Collective Redress and Digital Fairness Conference
The Collective Redress and Digital Fairness Conference, organized by the University of Amsterdam with support from the Stichting Onderzoek Collectieve Actie, provides a forum to examine how collective redress can ensure effective judicial protection against Big Tech’s contested business practices.
The Collective Redress and Digital Fairness Conference, organized by the University of Amsterdam with support from the Stichting Onderzoek Collectieve Actie, provides a forum to examine how collective redress can ensure effective judicial protection against Big Tech’s contested business practices. This two-day event will feature keynote lectures, invited contributions, and selected academic papers addressing the effectiveness of remedies, normative foundations of collective redress, and its role in enforcing digital rights and EU digital law. The conference brings together leading academics, practitioners, and policymakers to bridge theoretical, doctrinal, and practical approaches to these pressing issues.
Event Details
- Wednesday 10 December: 14:00 – 18:30 (followed by drinks)
- Thursday 11 December: 09:00 – 12:30
- Location: University of Amsterdam, Roeterseilandcampus (De Brug)
Theme and Key Questions
The conference examines how collective redress can advance digital fairness across the EU’s rapidly evolving regulatory landscape. With keynote lectures by Ignacio Cofone (University of Oxford) on privacy harms and collective redress, and Stefaan Voet (KU Leuven) on the challenges of collective redress in the digital economy, the programme addresses a wide spectrum of issues raised by scholars and practitioners. Contributions span diverse perspectives—procedural, substantive, theoretical, doctrinal, and empirical—at national, EU, and transnational levels.

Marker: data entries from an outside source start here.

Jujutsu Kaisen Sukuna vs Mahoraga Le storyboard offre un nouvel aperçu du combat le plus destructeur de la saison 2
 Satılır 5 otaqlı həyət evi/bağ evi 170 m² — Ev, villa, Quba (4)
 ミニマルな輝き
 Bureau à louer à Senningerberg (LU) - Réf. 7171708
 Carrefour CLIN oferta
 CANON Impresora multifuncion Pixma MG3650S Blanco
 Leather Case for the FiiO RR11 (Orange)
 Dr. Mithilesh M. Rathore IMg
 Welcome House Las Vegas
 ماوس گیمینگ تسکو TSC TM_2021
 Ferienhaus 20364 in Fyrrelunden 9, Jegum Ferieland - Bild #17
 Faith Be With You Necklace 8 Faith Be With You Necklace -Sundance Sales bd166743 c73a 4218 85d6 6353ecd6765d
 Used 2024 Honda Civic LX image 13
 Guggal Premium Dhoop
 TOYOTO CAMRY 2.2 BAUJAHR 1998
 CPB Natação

The academic discussions are structured around three panels:
- The role and place of collective action – exploring democratic legitimacy, the relationship between philanthropy and public interest litigators, and strategic litigation on data protection and content moderation.
- Groups and representation – addressing the protection of minors, vulnerable groups, and collective claims under the GDPR, the Digital Markets Act, and the AI Act.
- Remedies and redress – focusing on damages quantification, the development of collective settlements across jurisdictions, and the prospects for redress of data-driven harms.
Together, these panels raise fundamental questions about the role of collective litigation in protecting digital rights, its effectiveness across jurisdictions, and its interaction with public enforcement and private law principles.